如果二维列表中有空元素，则将 Python 二维列表转换为 3D 列表

Question

Using Python3 with or without NumPy, how can I convert

a =[[1,2],[0,1],[],[2,2],[],[2,13],[1,4],[6,1],[],[2,7]]

(with respect to its empty elements), to

b=[[[1, 2], [0, 1]], [[2, 2]], [[2, 13], [1, 4], [6, 1]], [[2, 7]]] 

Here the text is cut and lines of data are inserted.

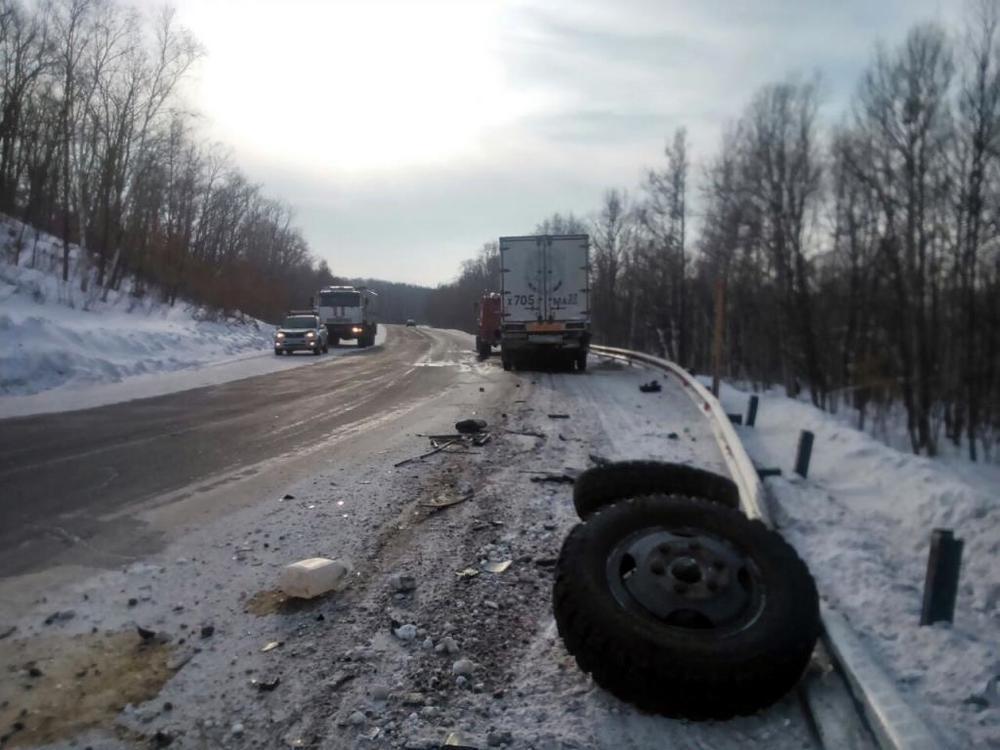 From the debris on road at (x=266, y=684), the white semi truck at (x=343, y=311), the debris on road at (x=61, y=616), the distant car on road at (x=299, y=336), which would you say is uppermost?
the white semi truck at (x=343, y=311)

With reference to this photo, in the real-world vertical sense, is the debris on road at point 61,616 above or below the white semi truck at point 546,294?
below

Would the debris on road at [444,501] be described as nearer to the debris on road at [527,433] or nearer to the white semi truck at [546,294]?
the debris on road at [527,433]

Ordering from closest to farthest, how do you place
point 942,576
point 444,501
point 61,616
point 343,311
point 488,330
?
point 942,576
point 61,616
point 444,501
point 488,330
point 343,311

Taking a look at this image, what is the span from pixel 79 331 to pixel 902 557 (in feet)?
76.5

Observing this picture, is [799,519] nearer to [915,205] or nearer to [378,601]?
[378,601]

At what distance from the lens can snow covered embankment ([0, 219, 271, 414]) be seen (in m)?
18.5

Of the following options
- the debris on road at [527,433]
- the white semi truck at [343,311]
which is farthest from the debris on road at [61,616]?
the white semi truck at [343,311]

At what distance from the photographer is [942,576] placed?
3953 millimetres

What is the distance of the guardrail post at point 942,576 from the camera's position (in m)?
3.95

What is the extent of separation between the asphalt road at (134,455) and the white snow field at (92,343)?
2.09m

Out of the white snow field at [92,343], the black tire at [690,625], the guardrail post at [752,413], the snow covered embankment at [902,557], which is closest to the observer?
the black tire at [690,625]

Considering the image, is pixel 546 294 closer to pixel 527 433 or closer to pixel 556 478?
pixel 527 433

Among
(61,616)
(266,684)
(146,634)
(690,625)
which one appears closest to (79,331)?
(61,616)

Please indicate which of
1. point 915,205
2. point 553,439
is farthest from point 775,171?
point 553,439
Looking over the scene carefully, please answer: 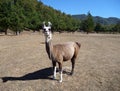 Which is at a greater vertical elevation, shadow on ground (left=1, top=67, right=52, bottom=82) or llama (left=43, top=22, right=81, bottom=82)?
llama (left=43, top=22, right=81, bottom=82)

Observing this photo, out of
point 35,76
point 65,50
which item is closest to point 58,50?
point 65,50

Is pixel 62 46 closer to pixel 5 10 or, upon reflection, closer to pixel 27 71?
pixel 27 71

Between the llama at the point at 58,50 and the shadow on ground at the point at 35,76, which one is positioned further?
the shadow on ground at the point at 35,76

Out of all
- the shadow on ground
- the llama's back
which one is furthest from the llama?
the shadow on ground

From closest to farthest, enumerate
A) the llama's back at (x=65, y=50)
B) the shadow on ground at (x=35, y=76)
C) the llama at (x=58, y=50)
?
1. the llama at (x=58, y=50)
2. the llama's back at (x=65, y=50)
3. the shadow on ground at (x=35, y=76)

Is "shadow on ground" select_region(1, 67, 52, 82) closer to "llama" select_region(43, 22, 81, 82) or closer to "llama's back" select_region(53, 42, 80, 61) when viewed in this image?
"llama" select_region(43, 22, 81, 82)

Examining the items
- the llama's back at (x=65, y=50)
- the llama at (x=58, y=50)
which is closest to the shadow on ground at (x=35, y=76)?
the llama at (x=58, y=50)

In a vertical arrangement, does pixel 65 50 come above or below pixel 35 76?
above

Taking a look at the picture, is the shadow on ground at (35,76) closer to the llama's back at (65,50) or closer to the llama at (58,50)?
the llama at (58,50)

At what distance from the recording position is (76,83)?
35.7 ft

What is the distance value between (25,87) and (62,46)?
278 centimetres

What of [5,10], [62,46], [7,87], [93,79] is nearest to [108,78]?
[93,79]

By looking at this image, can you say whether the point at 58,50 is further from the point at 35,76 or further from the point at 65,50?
the point at 35,76

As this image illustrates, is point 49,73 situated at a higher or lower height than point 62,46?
lower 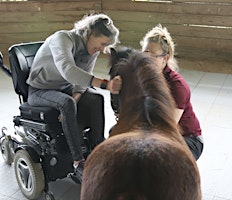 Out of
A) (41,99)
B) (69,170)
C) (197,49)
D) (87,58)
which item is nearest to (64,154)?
(69,170)

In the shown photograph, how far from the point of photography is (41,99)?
2.15m

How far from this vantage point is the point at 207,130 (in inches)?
120

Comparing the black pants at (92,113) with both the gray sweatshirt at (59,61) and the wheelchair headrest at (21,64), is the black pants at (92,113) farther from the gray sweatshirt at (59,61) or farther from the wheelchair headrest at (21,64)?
the wheelchair headrest at (21,64)

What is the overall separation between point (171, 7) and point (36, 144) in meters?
3.13

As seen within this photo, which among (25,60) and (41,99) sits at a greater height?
(25,60)

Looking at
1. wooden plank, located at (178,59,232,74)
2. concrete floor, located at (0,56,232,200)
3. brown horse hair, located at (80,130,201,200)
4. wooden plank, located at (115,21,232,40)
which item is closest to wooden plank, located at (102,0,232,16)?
wooden plank, located at (115,21,232,40)

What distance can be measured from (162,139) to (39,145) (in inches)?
44.6

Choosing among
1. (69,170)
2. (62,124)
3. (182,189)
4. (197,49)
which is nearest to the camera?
(182,189)

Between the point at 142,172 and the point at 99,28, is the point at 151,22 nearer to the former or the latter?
the point at 99,28

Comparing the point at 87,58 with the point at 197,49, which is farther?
the point at 197,49

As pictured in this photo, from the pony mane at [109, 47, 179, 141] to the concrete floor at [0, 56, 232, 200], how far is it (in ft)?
3.22

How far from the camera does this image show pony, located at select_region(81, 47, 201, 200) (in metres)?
1.10

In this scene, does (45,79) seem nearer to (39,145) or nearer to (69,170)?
(39,145)

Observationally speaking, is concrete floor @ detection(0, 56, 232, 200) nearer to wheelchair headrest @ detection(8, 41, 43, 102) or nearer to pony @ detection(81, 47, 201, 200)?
wheelchair headrest @ detection(8, 41, 43, 102) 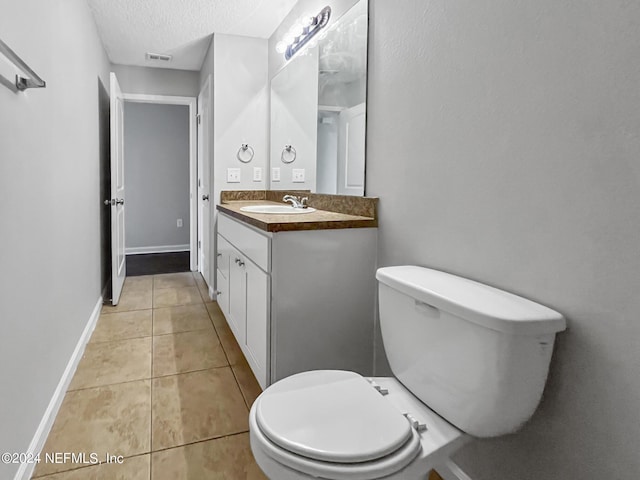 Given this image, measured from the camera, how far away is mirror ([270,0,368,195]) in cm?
191

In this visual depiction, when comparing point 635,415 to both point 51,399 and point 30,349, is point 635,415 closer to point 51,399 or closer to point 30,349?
point 30,349

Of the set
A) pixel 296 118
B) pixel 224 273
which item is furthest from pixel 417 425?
pixel 296 118

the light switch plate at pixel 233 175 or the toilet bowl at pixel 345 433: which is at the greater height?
the light switch plate at pixel 233 175

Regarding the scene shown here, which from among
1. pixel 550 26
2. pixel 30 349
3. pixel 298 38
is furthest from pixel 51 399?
pixel 298 38

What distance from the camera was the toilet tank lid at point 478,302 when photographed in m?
0.88

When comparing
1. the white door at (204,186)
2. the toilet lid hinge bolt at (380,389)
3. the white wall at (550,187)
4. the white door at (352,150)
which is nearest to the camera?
the white wall at (550,187)

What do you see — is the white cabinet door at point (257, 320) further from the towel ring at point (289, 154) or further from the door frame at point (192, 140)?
the door frame at point (192, 140)

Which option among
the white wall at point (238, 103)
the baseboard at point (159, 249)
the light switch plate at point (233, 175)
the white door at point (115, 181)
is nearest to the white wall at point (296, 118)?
the white wall at point (238, 103)

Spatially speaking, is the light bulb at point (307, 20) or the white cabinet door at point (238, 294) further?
the light bulb at point (307, 20)

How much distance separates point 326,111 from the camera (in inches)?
89.8

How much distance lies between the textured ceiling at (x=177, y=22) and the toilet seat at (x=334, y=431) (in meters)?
2.41

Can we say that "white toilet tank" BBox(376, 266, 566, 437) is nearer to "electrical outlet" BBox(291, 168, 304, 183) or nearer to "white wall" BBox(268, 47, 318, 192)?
"white wall" BBox(268, 47, 318, 192)

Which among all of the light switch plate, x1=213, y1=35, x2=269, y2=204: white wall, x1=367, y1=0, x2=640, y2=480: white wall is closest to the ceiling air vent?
x1=213, y1=35, x2=269, y2=204: white wall

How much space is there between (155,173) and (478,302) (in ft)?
17.1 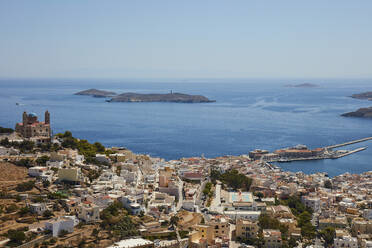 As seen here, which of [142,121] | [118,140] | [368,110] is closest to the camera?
[118,140]

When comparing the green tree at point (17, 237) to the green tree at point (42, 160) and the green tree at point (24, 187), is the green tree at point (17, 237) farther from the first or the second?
the green tree at point (42, 160)

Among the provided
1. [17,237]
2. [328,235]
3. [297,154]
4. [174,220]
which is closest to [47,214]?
[17,237]

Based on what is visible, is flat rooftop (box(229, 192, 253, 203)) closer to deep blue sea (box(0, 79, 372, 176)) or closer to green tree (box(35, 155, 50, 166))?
green tree (box(35, 155, 50, 166))

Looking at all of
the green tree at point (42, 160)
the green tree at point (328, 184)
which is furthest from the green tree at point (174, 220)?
the green tree at point (328, 184)

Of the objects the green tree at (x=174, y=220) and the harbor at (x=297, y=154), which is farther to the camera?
the harbor at (x=297, y=154)

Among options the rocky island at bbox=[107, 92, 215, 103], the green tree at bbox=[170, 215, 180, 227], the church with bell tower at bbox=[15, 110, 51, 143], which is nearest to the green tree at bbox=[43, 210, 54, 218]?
the green tree at bbox=[170, 215, 180, 227]

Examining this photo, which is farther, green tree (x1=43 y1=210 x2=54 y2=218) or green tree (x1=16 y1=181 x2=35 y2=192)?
green tree (x1=16 y1=181 x2=35 y2=192)

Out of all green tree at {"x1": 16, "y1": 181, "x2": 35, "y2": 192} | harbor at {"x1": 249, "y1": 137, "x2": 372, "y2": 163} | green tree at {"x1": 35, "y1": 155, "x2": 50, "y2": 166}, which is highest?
green tree at {"x1": 35, "y1": 155, "x2": 50, "y2": 166}

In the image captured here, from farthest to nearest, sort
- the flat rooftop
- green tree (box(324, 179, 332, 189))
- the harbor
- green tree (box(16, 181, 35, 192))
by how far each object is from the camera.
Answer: the harbor, green tree (box(324, 179, 332, 189)), the flat rooftop, green tree (box(16, 181, 35, 192))

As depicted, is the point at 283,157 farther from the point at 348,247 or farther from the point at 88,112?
the point at 88,112

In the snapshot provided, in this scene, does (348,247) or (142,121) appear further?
(142,121)

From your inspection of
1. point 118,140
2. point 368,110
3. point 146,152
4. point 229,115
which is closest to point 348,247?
point 146,152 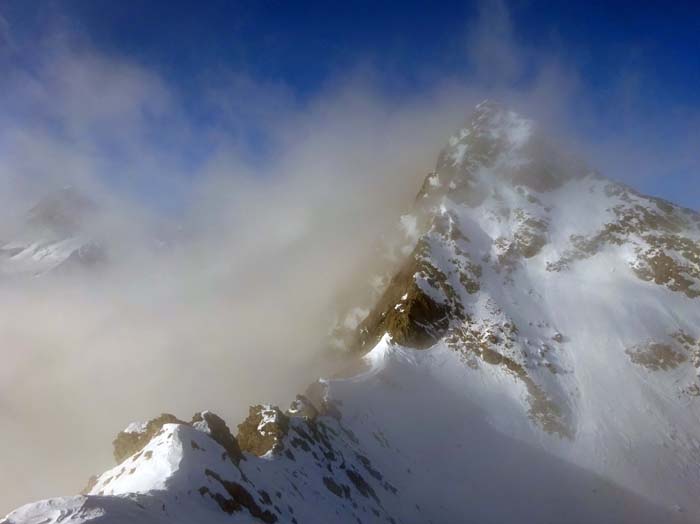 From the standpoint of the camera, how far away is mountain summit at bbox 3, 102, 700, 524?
3912 centimetres

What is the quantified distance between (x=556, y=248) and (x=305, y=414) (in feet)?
281

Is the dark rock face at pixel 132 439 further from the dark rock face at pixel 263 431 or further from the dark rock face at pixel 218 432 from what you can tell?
the dark rock face at pixel 263 431

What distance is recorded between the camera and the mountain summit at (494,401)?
3912cm

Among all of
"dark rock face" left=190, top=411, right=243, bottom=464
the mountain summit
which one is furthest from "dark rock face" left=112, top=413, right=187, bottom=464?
"dark rock face" left=190, top=411, right=243, bottom=464

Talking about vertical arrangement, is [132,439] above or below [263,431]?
above

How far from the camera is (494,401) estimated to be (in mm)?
88438

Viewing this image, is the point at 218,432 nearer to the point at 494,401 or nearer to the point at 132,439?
the point at 132,439

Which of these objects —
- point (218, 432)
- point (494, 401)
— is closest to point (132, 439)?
point (218, 432)

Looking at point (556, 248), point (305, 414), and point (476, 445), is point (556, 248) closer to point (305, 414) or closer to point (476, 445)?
point (476, 445)

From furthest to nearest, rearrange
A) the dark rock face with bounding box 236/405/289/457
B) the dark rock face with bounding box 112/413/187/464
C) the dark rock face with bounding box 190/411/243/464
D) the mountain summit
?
the dark rock face with bounding box 236/405/289/457
the dark rock face with bounding box 112/413/187/464
the dark rock face with bounding box 190/411/243/464
the mountain summit

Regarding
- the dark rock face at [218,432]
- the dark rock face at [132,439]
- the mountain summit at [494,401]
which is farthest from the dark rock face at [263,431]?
the dark rock face at [132,439]

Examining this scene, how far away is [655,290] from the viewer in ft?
345

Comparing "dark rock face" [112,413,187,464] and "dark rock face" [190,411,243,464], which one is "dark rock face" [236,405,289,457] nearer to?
"dark rock face" [190,411,243,464]

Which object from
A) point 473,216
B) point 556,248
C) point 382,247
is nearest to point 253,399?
point 382,247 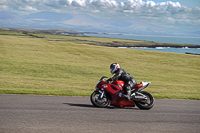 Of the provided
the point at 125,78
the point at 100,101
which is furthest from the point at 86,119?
the point at 125,78

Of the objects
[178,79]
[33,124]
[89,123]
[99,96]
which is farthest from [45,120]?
[178,79]

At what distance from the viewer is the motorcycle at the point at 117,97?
34.9 feet

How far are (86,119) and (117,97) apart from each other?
274 centimetres

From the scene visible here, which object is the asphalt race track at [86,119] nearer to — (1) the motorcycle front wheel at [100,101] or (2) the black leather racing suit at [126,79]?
(1) the motorcycle front wheel at [100,101]

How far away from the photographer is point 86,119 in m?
8.23

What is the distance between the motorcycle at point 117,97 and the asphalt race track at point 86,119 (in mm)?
343

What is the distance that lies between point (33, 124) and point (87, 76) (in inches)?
729

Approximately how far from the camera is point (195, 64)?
1649 inches

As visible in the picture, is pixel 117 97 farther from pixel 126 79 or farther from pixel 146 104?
pixel 146 104

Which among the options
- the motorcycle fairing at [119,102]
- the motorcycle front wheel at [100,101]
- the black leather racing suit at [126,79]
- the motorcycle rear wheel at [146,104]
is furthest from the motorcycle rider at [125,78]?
the motorcycle front wheel at [100,101]

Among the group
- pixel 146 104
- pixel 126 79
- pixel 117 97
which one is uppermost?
pixel 126 79

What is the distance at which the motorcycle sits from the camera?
1065 centimetres

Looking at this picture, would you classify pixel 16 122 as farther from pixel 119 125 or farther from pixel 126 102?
pixel 126 102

I appreciate any help on this.

Thanks

Answer 1

Please try the script below:

a =[[],[1,2],[0,1],[],[2,2],[],[2,13],[1,4],[6,1],[],[2,7]]
newlist=[]
temp=[]
for element in a:
    if element: # if element is not empty add to temp
        temp.append(element)
    elif temp: # if element is empty and temp is not empty add temp to newlist
        newlist.append(temp)
        temp=[]
if temp: # if temp is not empty add to newlist
    newlist.append(temp)        
print(newlist) 

Answer 2

Using itertools's groupby

from itertools import groupby

lst = []

for i, g in groupby(a, key=lambda x: len(x) >= 1):
    grp = list(g)
    if i and len(grp) >= 1:
        lst.append(grp)

---

lst:

[[[1, 2], [0, 1]], [[2, 2]], [[2, 13], [1, 4], [6, 1]], [[2, 7]]]

Answer 3

You can do this

def func(a):
    b = [[]]
    for i in (a): # iterate over a
        if i: # if ith element is not empty list
            b[-1].append(i) # add it to the latest list in b
        else: # otherwise append new list to b
            b.append([])
    return b

OR Similarly,

def func(a):
    b, c = [], []
    c = [b[-1].append(i) for i in ([[]] + a ) if (i or b.append([]))]
    return b

Both follow basically the same process,

2nd snippet wastes an extra variable

Answer 4

You can try this.

from collections import deque

a = [[1,2],[0,1],[],[2,2],[],[2,13],[1,4],[6,1],[],[2,7]]

d = deque(a)
if d[0] == []:
    d.popleft()
if len(d) > 0:
    if d[-1] == []:
        d.pop()
tmp = []; b = []
for x in d:
    if x == []:
        b.append(tmp)
        tmp = []
    else:
        tmp.append(x)
b.append(tmp)     
print(b)


 

outputs:

[[[1, 2], [0, 1]], [[2, 2]], [[2, 13], [1, 4], [6, 1]], [[2, 7]]]